Consuming Sport: A Double-Edged Sword
I really love basketball. It is a game that I frequently I lose myself in, pick up and play anywhere, and derive joy and purpose out of making incremental improvements. It quite often is the highlight of my week. Playing basketball, that is. For me, watching the game is a bit more of a mixed bag. Especially when it comes to the NBA.
I find the players captivating. But also the statistics, strategies, and subtle salary cap manoeuvres. Once you pierce the surface there are so many avenues to finding something that absorbs you. Recently though, I’ve been questioning my relationship with consuming the game.
First, I find my emotions to be easily swayed by small moments in random games to quite a profound degree. If my team loses, I feel tangibly frustrated. Not just in jest, but no—truly annoyed. I then feel compelled to analyse the game afterwards, listen to someone else analyse it on a podcast, and then repeat the process with other meaningless teams I really shouldn’t care about much at all.
The NBA is also unique in other ways. Each season is 82 games, and teams play essentially once every two days. This almost creates an addictive element. It’s something I can kind of binge watch.
There’s also the American component to it all. I feel like supporting a team that you have in geographic affinity for makes sense. Certainly in a social way. Many sports unite people in an honest, passionate, and indiscriminate way that isn’t easily replicated by anything else. Choosing to support a random American sports team is more of an isolated and alienated experience.
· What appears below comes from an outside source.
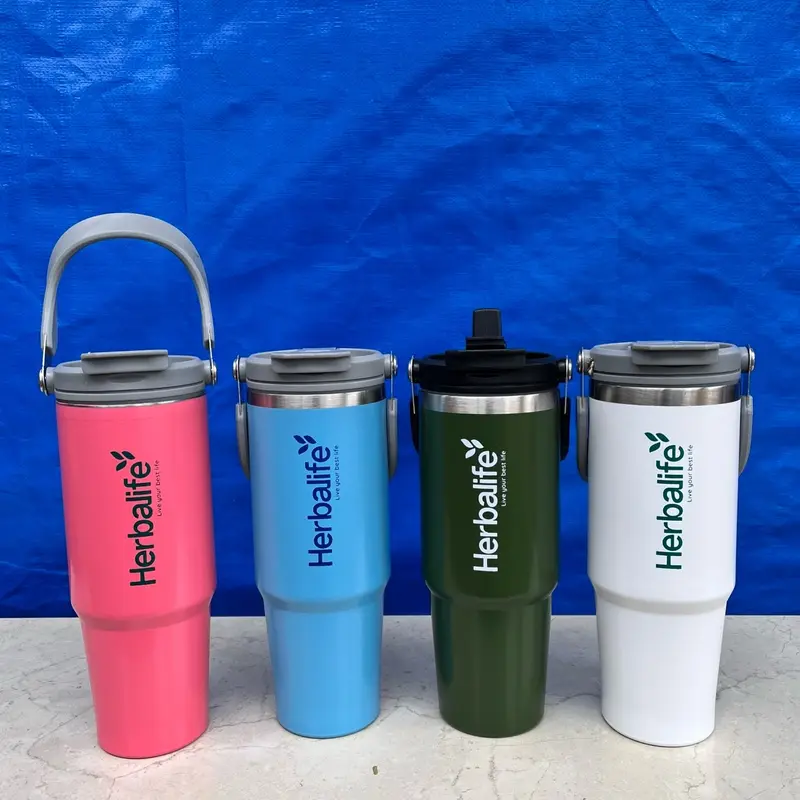 Tumbler HLF stainless premium 900 ml dengan sedotan 2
I have absolutely nothing to do with the city of Atlanta and neither does anyone I know. Yet, I support their basketball team. When others ask why I chose this team, I say I truly don’t know. Maybe it was the young talent, or their unassuming middle-of-the-pack status, but I honestly think it was just something for me to care about. I wanted something to keep coming back to, like a brilliant novel, or a gripping TV series; except, set in a world I was already familiar with.
Is that bad? I’m not sure.
Is this something that sports fans think about often? Maybe.
But I suppose I’m just not sure whether I actually care about the team at all, or whether I find satisfaction in having a cause to barrack emotionally for.
What I do know is that I spend a lot of time, alone, consuming near-daily NBA games, littered with annoying American ads and frustrating moments. Sometimes, I love it. At other times, it makes me feel a little bit sick that I’m wasting my time watching other people live out their dream, all whilst I could be investing that time with the people that are actually in my life, or perhaps spending it to pursue my own dreams.
Sport is amazing, but I definitely feel as though I’m derive far more value from playing rather than consuming. Right now, that doesn’t align with how I spend my time though.